Your objective:
Every line in the data below from the one containing "28 Shepherd Street" down to the one containing "Photo of property", both included, must be retyped exactly; no other line is to appear.

-- Opening Marker --

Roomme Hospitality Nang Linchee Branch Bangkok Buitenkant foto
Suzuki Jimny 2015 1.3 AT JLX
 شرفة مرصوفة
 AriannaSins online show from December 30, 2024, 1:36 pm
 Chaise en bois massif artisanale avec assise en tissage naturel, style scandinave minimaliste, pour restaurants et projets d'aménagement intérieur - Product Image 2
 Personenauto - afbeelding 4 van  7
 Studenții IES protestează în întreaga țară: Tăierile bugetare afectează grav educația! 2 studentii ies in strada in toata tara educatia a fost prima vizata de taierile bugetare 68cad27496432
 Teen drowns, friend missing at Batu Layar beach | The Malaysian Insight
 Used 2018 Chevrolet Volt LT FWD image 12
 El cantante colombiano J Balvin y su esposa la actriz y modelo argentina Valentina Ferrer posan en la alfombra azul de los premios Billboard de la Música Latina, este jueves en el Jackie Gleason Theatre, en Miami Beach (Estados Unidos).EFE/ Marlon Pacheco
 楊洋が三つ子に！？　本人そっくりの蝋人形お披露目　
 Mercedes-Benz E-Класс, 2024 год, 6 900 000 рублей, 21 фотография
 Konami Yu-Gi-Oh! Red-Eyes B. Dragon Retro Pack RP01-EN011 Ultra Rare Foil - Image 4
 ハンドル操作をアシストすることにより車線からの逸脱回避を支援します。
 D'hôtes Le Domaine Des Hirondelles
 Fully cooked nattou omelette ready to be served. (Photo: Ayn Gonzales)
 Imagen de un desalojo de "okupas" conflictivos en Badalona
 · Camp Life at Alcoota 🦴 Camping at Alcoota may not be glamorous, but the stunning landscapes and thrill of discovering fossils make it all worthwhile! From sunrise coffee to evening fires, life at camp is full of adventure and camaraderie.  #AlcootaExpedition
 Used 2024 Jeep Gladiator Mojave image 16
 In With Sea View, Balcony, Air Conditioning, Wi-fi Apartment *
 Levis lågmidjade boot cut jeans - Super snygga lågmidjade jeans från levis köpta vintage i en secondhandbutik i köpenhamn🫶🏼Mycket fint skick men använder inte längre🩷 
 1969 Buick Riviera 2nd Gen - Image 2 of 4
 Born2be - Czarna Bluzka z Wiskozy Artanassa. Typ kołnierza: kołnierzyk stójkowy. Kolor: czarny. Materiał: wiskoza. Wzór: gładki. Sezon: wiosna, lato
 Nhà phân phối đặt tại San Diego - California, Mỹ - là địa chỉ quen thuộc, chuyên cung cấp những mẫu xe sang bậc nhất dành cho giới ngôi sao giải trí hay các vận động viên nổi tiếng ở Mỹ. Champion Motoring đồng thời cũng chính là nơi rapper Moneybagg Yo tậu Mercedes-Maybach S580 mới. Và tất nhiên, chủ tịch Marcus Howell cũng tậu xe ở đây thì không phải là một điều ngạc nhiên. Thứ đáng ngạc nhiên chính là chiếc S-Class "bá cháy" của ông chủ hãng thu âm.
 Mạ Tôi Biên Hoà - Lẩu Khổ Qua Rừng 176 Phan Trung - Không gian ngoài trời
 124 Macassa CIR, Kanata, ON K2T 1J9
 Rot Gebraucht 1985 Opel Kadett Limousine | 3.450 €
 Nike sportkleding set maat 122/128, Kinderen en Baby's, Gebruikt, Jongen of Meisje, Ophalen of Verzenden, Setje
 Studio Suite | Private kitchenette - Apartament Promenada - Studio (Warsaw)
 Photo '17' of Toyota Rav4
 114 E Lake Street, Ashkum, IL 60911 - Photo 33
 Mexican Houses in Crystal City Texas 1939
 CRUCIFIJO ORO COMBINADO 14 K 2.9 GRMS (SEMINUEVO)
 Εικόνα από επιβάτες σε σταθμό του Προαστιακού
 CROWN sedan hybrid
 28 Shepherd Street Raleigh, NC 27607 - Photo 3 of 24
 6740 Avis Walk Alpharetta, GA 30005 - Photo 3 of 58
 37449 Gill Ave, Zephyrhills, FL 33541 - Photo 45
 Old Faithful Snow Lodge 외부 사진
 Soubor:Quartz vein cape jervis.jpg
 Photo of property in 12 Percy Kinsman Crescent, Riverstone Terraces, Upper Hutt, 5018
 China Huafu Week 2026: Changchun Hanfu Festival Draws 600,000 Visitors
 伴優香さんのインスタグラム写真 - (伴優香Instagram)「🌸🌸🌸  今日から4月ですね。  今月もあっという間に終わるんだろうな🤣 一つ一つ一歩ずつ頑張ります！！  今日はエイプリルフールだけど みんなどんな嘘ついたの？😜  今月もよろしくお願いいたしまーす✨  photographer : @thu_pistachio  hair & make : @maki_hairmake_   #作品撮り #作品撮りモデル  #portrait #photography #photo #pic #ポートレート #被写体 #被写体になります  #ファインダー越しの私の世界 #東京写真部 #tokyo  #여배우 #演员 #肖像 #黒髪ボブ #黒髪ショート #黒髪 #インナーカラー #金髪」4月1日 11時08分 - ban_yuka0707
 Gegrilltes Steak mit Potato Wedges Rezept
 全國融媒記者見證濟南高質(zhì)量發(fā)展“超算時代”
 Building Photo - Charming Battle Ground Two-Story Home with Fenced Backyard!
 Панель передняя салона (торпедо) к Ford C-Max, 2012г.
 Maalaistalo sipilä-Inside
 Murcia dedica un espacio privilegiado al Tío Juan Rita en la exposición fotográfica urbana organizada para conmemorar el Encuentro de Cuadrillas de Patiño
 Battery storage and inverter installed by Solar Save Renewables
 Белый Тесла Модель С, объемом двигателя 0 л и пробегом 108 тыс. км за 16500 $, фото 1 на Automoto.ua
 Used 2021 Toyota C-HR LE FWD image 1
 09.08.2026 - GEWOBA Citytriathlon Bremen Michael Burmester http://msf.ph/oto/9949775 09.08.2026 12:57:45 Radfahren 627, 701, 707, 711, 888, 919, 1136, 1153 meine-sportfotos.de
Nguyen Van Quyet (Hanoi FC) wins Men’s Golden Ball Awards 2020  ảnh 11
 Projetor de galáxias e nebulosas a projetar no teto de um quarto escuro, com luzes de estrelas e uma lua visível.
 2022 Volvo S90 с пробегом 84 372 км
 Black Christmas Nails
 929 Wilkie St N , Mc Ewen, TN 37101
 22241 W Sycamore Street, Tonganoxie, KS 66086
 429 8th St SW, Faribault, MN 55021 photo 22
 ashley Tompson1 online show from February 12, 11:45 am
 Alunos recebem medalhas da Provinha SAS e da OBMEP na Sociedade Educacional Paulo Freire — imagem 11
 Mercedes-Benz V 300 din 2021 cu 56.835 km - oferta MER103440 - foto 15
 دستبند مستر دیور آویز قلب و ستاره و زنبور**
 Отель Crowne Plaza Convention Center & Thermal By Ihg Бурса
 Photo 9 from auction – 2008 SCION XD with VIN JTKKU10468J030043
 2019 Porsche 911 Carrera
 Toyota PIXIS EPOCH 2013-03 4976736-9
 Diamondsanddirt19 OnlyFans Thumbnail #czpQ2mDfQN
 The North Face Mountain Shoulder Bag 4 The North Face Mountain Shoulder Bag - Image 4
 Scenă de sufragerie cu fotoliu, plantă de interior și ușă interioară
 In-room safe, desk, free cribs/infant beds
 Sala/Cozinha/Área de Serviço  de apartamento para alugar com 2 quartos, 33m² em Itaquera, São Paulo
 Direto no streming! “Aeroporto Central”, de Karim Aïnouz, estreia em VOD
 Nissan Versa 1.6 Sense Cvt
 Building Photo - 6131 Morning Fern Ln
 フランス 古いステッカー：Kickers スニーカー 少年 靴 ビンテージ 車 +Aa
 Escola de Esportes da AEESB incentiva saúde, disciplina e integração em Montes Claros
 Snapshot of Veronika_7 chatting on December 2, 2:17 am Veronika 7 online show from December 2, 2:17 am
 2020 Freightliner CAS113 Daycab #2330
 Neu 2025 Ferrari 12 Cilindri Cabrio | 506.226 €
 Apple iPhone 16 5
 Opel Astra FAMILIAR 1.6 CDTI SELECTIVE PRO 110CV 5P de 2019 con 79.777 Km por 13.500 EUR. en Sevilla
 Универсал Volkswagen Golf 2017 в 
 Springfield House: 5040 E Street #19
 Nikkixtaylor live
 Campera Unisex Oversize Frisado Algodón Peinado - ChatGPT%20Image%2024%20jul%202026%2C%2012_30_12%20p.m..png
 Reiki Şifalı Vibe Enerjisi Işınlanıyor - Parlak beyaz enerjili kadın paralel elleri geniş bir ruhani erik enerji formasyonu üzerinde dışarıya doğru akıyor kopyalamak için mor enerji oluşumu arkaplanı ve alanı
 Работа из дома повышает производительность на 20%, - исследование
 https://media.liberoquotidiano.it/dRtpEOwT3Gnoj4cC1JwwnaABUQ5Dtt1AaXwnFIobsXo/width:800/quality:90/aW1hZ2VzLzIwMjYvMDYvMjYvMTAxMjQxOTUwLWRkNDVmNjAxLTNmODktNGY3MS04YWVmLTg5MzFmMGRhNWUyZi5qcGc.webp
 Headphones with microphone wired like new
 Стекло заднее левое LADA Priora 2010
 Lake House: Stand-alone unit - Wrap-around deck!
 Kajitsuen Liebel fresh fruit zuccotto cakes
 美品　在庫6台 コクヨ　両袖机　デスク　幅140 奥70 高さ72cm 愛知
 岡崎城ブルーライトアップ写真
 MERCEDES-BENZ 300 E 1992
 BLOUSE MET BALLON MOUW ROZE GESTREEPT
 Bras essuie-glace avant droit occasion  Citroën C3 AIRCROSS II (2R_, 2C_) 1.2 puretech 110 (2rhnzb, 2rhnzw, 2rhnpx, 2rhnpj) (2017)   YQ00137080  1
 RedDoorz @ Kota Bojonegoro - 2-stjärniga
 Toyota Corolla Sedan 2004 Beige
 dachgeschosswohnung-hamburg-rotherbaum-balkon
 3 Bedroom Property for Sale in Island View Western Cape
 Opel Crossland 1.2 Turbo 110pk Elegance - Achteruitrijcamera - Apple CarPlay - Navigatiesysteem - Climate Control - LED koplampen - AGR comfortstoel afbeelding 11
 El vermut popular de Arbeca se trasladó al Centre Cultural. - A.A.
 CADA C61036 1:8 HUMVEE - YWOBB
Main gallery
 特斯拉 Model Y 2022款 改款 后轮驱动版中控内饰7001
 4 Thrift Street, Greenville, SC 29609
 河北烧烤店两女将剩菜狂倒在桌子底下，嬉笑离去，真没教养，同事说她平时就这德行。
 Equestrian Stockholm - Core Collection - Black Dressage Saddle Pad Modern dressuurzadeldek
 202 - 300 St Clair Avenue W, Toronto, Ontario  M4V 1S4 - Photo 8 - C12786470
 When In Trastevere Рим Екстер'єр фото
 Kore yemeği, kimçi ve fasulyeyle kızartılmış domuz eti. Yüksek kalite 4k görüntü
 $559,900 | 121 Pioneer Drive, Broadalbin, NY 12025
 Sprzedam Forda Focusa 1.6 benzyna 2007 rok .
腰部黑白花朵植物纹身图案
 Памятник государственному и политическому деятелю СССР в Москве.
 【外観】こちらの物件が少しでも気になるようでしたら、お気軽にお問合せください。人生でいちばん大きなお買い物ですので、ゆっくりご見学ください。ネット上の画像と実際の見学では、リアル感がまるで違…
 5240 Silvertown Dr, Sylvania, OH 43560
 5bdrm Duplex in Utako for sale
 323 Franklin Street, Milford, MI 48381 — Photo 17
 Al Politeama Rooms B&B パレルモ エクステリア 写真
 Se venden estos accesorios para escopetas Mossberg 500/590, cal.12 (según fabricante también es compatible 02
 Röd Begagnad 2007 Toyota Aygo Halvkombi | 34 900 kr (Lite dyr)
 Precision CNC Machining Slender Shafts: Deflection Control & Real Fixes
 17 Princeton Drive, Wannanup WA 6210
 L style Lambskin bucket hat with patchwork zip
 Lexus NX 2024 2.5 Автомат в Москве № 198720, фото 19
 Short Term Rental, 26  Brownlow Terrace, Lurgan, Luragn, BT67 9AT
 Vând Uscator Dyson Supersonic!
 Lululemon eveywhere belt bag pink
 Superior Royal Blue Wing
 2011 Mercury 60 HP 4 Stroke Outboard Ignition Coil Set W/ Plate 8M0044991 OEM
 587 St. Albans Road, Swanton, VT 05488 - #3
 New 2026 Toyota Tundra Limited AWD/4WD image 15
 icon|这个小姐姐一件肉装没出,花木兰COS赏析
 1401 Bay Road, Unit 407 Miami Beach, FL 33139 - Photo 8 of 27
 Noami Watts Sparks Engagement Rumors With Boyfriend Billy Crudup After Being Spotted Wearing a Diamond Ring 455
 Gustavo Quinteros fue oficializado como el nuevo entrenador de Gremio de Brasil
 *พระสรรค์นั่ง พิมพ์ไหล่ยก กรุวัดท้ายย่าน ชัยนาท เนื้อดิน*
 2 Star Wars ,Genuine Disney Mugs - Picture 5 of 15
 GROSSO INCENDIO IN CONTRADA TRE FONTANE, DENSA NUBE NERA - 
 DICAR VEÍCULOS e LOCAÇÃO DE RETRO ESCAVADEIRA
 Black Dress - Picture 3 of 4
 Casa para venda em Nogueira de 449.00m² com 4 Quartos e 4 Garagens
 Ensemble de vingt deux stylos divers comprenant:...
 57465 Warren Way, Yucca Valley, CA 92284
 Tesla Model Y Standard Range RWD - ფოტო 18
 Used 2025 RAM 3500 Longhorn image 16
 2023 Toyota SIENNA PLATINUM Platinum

-- Closing Marker --

Solved problem:
 28 Shepherd Street Raleigh, NC 27607 - Photo 3 of 24
 6740 Avis Walk Alpharetta, GA 30005 - Photo 3 of 58
 37449 Gill Ave, Zephyrhills, FL 33541 - Photo 45
 Old Faithful Snow Lodge 외부 사진
 Soubor:Quartz vein cape jervis.jpg
 Photo of property in 12 Percy Kinsman Crescent, Riverstone Terraces, Upper Hutt, 5018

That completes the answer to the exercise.